Brazil’s Supreme Court on Wednesday upheld major changes to laws that protect the Amazon and other biomes, reducing penalties for past illegal deforestation in a blow to environmentalists trying to protect the world’s largest rainforest.
Congress agreed to sweeping revisions in the law in 2012 that included an amnesty program for illegal deforestation on “small properties” that occurred before 2008 and reduced restoration requirements in others.
The changes effectively reduced deforested land that must be restored under previous rules by 112,000 square miles (290,000 square km), an area nearly the size of Italy, according to a 2014 study published in the journal Science.
Environmentalists said that the revised laws, known collectively as the forest code, would create a culture in which illegal deforestation is acceptable.
“This awards the guy who deforested, awards the guy who disobeyed the law,” said Nurit Bensusan, policy coordinator at the Brazilian non-governmental organization Instituto Socioambiental.

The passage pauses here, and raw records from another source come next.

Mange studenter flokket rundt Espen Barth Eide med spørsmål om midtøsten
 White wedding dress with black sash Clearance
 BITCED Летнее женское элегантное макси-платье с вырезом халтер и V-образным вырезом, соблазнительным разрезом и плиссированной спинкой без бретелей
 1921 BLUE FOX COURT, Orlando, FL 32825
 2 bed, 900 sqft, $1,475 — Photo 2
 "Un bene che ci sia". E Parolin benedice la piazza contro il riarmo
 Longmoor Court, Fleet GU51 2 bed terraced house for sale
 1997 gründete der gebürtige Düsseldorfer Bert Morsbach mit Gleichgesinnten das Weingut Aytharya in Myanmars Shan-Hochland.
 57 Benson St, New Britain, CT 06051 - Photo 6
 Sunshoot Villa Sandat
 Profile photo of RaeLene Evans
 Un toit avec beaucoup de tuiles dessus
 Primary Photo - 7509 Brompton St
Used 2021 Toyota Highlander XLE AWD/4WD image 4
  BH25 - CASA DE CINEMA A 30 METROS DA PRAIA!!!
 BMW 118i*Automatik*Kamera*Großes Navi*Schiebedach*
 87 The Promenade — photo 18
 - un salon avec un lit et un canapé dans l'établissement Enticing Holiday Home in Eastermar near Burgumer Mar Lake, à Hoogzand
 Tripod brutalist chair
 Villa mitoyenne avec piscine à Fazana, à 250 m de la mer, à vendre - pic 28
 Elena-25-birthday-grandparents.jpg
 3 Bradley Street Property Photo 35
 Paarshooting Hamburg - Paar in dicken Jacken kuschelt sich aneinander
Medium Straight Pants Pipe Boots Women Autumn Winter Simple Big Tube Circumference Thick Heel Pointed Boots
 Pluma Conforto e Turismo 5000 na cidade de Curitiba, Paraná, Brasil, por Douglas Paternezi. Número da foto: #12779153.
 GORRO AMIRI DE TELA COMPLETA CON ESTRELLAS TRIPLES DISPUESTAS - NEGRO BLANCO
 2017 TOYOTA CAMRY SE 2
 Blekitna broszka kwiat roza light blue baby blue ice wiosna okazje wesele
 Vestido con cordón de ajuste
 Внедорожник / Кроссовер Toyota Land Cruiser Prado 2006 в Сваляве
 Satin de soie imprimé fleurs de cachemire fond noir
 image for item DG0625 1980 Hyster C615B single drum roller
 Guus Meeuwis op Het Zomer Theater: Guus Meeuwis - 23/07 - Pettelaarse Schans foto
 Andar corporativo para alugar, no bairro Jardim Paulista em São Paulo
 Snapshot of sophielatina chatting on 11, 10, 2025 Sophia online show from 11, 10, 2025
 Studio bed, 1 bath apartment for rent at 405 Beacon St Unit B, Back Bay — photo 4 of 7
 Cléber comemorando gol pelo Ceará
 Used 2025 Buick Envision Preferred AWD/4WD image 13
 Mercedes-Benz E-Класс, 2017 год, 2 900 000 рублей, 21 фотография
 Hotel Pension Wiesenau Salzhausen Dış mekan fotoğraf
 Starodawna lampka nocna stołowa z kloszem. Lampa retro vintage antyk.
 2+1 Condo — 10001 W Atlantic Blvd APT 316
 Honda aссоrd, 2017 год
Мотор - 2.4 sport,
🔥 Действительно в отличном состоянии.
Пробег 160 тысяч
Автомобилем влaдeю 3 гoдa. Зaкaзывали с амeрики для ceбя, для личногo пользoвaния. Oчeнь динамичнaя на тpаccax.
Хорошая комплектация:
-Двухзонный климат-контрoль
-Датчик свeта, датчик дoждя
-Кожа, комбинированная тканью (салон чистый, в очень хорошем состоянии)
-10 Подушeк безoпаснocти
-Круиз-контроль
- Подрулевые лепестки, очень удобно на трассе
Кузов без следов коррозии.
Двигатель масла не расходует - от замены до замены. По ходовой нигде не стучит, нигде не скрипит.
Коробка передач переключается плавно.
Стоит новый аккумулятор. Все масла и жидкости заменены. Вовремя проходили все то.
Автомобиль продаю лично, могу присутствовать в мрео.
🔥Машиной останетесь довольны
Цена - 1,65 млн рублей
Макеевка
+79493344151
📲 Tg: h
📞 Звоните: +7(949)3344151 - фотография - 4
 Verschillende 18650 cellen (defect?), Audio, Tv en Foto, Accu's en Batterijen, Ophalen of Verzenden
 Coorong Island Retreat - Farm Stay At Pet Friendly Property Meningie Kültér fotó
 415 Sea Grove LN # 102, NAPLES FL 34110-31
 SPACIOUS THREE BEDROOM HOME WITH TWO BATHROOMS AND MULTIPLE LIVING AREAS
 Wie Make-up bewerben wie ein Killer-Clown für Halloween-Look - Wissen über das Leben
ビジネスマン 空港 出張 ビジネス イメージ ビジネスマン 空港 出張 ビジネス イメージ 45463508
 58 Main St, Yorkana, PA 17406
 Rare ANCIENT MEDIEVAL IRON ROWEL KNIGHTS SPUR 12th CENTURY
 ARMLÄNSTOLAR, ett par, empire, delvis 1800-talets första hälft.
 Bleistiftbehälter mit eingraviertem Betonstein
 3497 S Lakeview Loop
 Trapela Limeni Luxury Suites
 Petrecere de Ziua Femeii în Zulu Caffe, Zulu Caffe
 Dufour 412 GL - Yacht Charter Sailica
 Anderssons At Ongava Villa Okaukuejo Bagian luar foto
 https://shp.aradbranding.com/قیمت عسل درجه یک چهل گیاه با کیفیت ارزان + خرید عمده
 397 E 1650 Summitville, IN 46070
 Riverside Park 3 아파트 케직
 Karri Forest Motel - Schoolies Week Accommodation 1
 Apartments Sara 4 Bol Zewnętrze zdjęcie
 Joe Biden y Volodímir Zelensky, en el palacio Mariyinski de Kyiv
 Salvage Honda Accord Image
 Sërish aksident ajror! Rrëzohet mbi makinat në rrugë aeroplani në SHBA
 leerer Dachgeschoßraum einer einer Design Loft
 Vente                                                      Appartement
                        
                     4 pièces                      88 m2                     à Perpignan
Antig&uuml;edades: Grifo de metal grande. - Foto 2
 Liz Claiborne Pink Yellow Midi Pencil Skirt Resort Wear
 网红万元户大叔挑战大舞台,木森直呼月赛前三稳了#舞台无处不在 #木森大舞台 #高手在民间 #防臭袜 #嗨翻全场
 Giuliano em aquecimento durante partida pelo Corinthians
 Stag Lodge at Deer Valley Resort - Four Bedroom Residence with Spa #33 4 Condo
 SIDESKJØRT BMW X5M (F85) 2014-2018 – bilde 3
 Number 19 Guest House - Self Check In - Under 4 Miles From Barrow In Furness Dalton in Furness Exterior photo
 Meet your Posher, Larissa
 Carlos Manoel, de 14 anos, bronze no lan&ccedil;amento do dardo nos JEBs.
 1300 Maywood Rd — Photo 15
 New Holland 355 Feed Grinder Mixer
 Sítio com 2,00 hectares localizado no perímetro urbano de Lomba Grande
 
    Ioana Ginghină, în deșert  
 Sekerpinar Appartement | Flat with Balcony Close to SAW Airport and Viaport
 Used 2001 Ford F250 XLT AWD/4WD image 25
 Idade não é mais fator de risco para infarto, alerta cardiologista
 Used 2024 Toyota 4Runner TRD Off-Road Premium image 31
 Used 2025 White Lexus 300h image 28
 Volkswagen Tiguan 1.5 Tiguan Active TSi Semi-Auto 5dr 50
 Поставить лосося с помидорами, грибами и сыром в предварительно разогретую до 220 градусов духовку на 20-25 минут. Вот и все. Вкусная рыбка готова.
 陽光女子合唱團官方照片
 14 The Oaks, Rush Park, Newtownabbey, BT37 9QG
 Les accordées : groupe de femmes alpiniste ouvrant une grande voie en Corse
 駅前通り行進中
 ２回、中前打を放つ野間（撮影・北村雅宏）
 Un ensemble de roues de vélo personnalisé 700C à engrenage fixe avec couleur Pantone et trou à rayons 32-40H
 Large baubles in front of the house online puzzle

“With this amnesty you create a climate that invites deforestation in the future. It creates the impression that if you deforest today, tomorrow you’ll be handed amnesty.”
Farmers and the agriculture lobby argue that the new laws allowed for continued growth of the sector key to the Brazilian economy, without bogging it down in adjudicating crimes of the past.
“If this apparatus had been struck down, for example everyone who submits information on the rural land registry could be fined at any moment even as they are complying with the (current) law,” said Rodrigo Lima, director of agriculture consultancy Agroicone.
The protections in question include those that apply to the Amazon rainforest, the majority of which lies in Brazil, which is vital to soaking up carbon emissions and countering climate change.
Deforestation in the Amazon fell in the August 2016 to July 2017 monitoring period for the first time in three years, although the 6,624 square km (2,557 square miles) cleared of forest remains well above the low recorded in 2012 and targets for slowing climate change.